Briana sighed, sitting down by Bella's swing. "Sometimes I have to wonder about your father, little girl," she said.
Bella grinned at her, letting out a tiny burp.
"Then again, I think you and Brett have most of his qualities," she managed to laugh. "You're even both blond and look the most like him. Not that that is a bad thing, of course."
Brian began to sing from the next room, causing Briana to cringe. "Good grief," she said, "only your dad would be singing while changing a diaper."
"Hey, yo, there's a time and place for that over there!" she heard him call out, following a sound of knocking.
Brian emerged a few minutes later, shirtless and in jeans, depositing Brett on Briana's lap. "Got to go make a waste dump," he informed her, holding up a bag that had contained Brett's loaded diaper.
"What was that all about?" Briana asked.
"What?"
"You yelling a few minutes ago."
"Oh, the freaks that moved in next door. They must be screwing again. If I didn't know any better, I'd thought it was Paul with one of his parade of dates. In any case, the last thing I need to hear while I'm changing a kid is my neighbors fucking. Jesus."
"Well, we have thought about getting another place, haven't we?"
"Yeah, and we've put it off. I think it's time to start hunting, don't you think?"
"I agree, especially now that the twins are getting older. Maybe somewhere where they can eventually play in a yard or something."

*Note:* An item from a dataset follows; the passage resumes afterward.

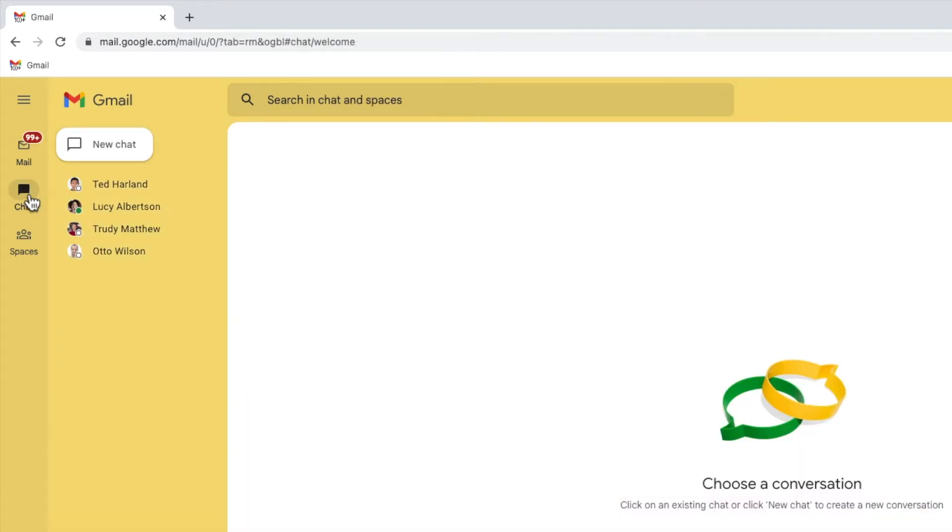This shows all of my existing chat contacts and conversations. I'll click on the conversation I want to delete to select it.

"Oooh, baby, I love how you think," Brian grinned. "I may even forgive you for dragging me to church."
"Good. I'm going to go down and get one of those home guides," Briana offered. "Think you can stay with these two for a few minutes without losing one of them again?"
"Ha, ha, very funny, Bree," he replied. "But yeah, I can stay here. I'm going to order something to eat and get their bottles anyway."
"Sounds like a plan. I'll be back in a few and we can get to work house hunting."